THE TASK:
Output the records below in full, word for word; pictures do not belong in it.

Records contained in a dataset:
-----

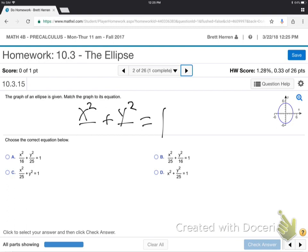So, just look at the picture. Ask yourself how far right and left, how far up and down. That's what goes underneath x — x is right and left, y is up and down. So, how far right and left is it going? Is it 4? This is 5 up. So, right is 4, up is 5. That gives us 16 and 25. So, it's A, right? Done.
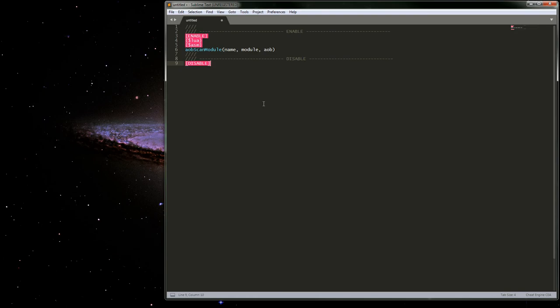Right now if you Google Cheat Engine Lua or Cheat Engine Sublime Text, it'll come up on the Cheat Engine forum. It just does it a little weird and it's hard for me to find it and edit it and all that.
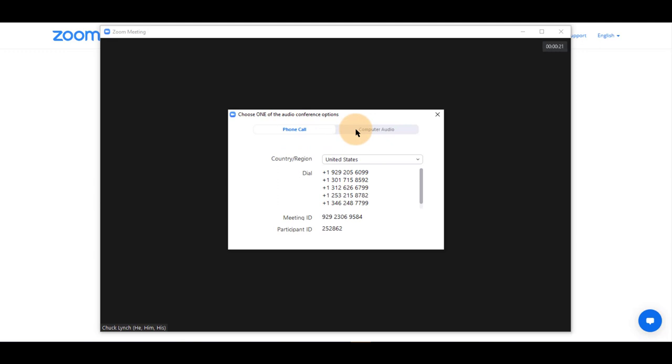If your device does not have an audio or microphone, you can join with your phone.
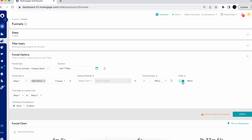When you change the order to strict, the funnel provides the number of users who have performed all the steps in the provided order without performing any steps out of order. So if your event sequence is A, B, C and a user performs A, C, B, and again C, that user is breaking the funnel sequence and won't be added to the funnel. However, if a user performs A, then an unrelated event X, then B and C, the strict order funnel will still count all the steps, since the user is performing an event outside of the selected events between steps.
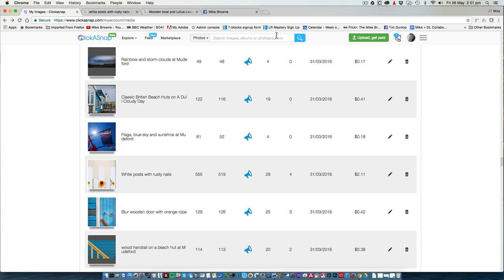First, people have to be able to find your photos. Therefore they have to show up not only in Click-a-snap search when somebody looks for a photo up here, they also need to show up on the web in Google search. That means you need to describe, title and keyword your photos appropriately, otherwise this won't happen.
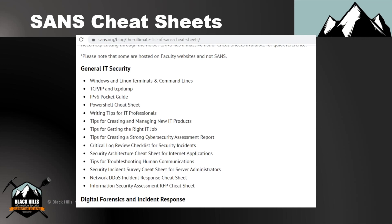A lot of SOC analysts at this point start to get bogged down because this is a lot of material, and they think it's just easier to learn Sentinel One or Carbon Black and be good at that. But that's not good enough. Sorry.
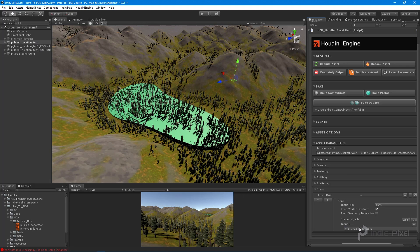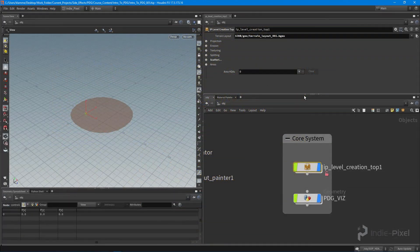With that, we need to set up a little bit more inside of our top network so that when we import all these areas they get merged together into a single file. Let's jump back into Houdini and take a look.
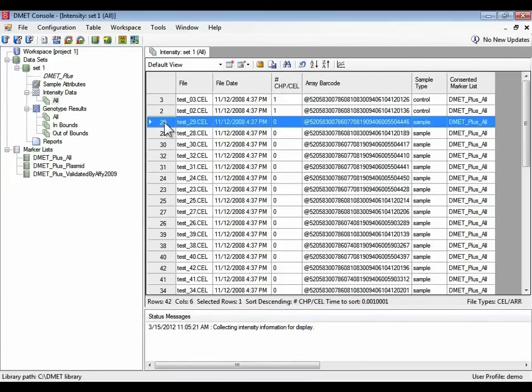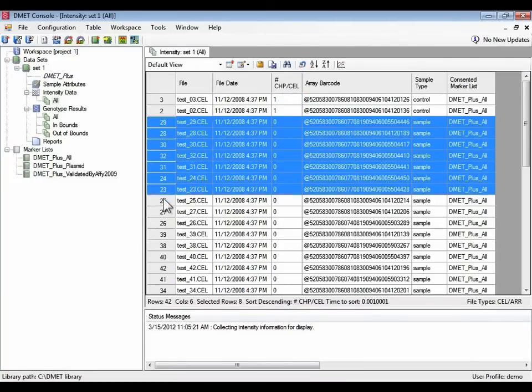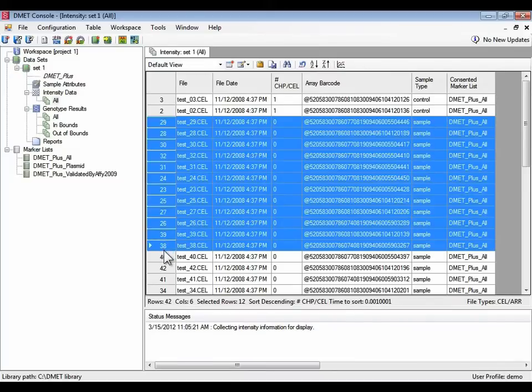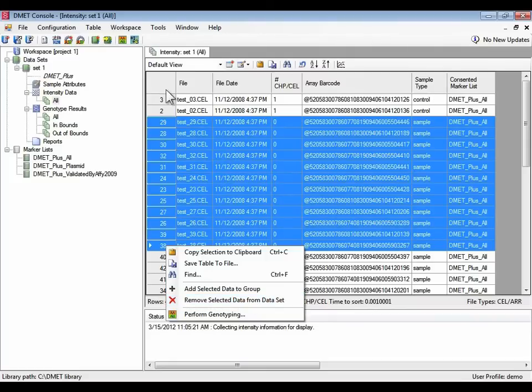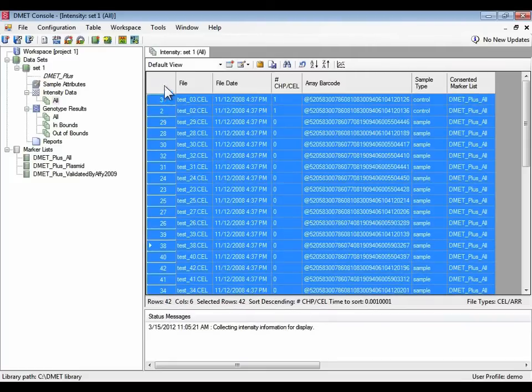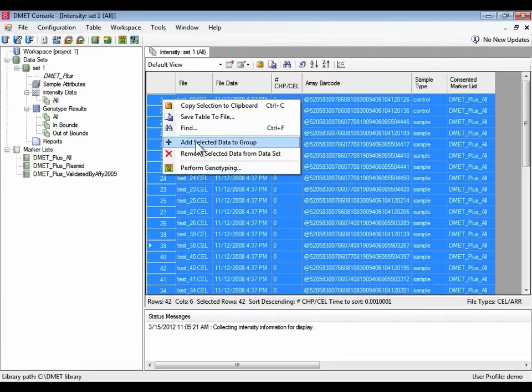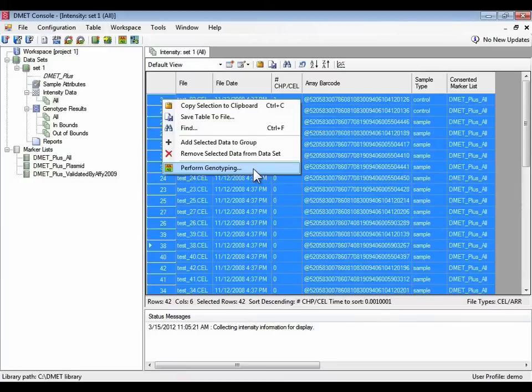So what I could do is I could select all the ones that haven't been genotyped and say perform genotyping. And that works just fine. I could select all these rows and say perform genotyping, in which case the two that have already been genotyped won't be genotyped again.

-----

EXERCISE RESULT:
So, just look at the picture. Ask yourself how far right and left, how far up and down. That's what goes underneath x — x is right and left, y is up and down. So, how far right and left is it going? Is it 4? This is 5 up. So, right is 4, up is 5. That gives us 16 and 25. So, it's A, right? Done.
Right now if you Google Cheat Engine Lua or Cheat Engine Sublime Text, it'll come up on the Cheat Engine forum. It just does it a little weird and it's hard for me to find it and edit it and all that.
If your device does not have an audio or microphone, you can join with your phone.
When you change the order to strict, the funnel provides the number of users who have performed all the steps in the provided order without performing any steps out of order. So if your event sequence is A, B, C and a user performs A, C, B, and again C, that user is breaking the funnel sequence and won't be added to the funnel. However, if a user performs A, then an unrelated event X, then B and C, the strict order funnel will still count all the steps, since the user is performing an event outside of the selected events between steps.
First, people have to be able to find your photos. Therefore they have to show up not only in Click-a-snap search when somebody looks for a photo up here, they also need to show up on the web in Google search. That means you need to describe, title and keyword your photos appropriately, otherwise this won't happen.
A lot of SOC analysts at this point start to get bogged down because this is a lot of material, and they think it's just easier to learn Sentinel One or Carbon Black and be good at that. But that's not good enough. Sorry.
With that, we need to set up a little bit more inside of our top network so that when we import all these areas they get merged together into a single file. Let's jump back into Houdini and take a look.
So what I could do is I could select all the ones that haven't been genotyped and say perform genotyping. And that works just fine. I could select all these rows and say perform genotyping, in which case the two that have already been genotyped won't be genotyped again.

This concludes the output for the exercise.